---- Available records
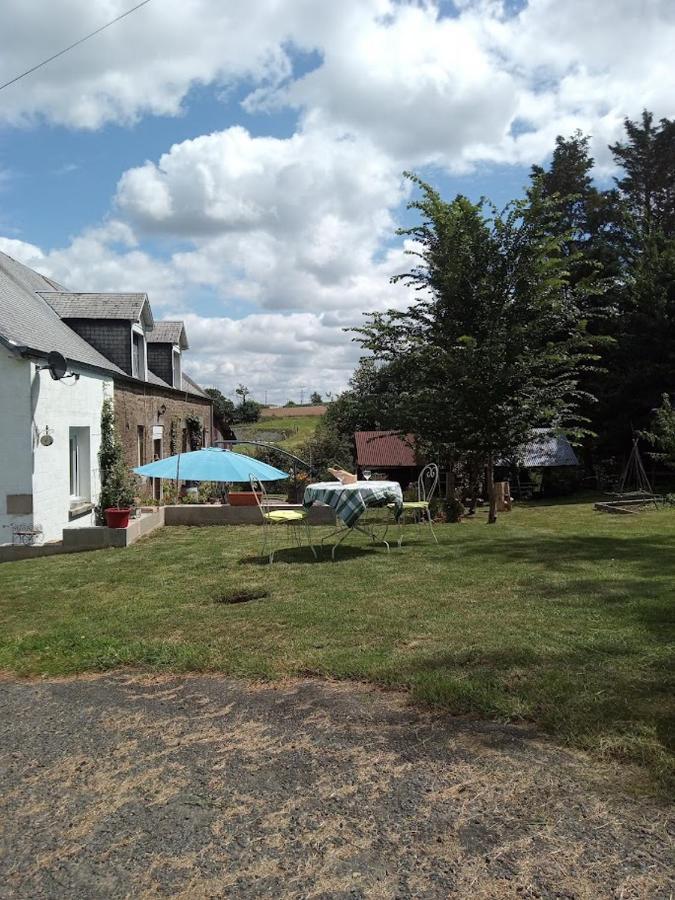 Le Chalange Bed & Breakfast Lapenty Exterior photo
--------
---- Available records
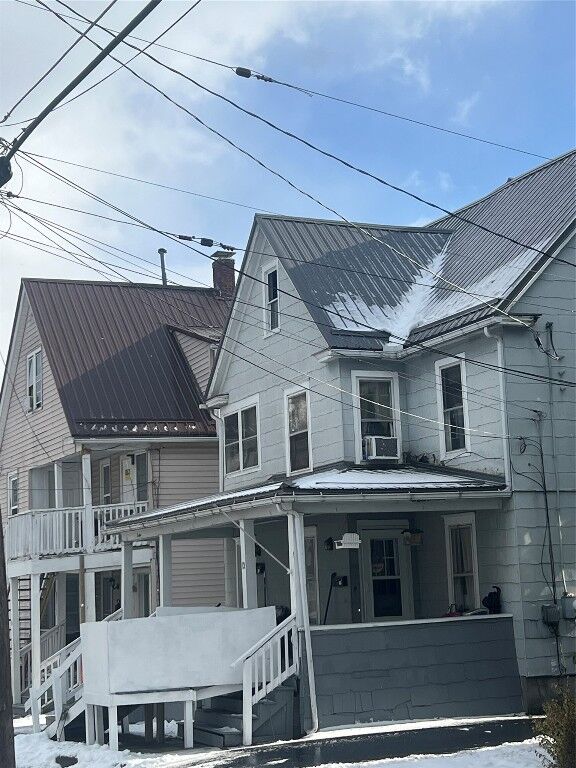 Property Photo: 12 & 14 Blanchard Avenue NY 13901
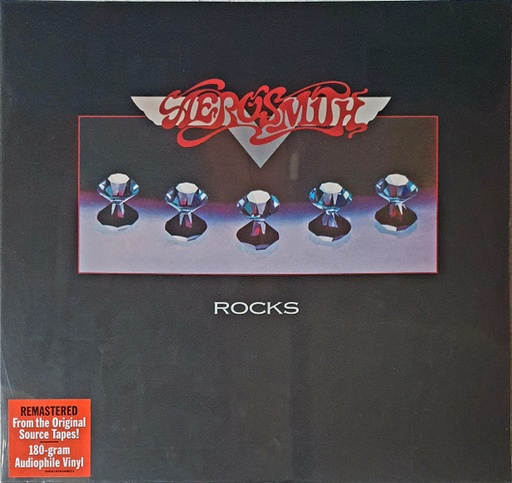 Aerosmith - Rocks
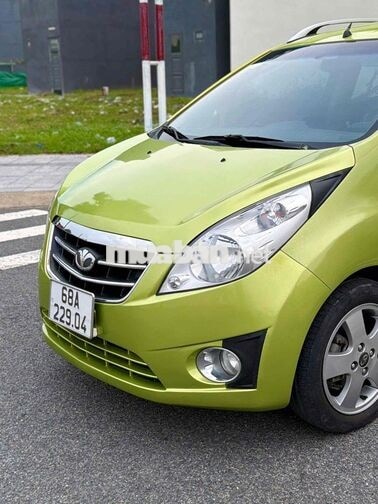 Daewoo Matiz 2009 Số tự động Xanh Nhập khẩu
--------
Required work — Set the pictures aside and retype exactly the lines above from the line with "Aerosmith - Rocks" to the line with "Daewoo Matiz 2009 Số tự động Xanh Nhập khẩu", both included, adding no others.

Solution to the problem —
 Aerosmith - Rocks
 Daewoo Matiz 2009 Số tự động Xanh Nhập khẩu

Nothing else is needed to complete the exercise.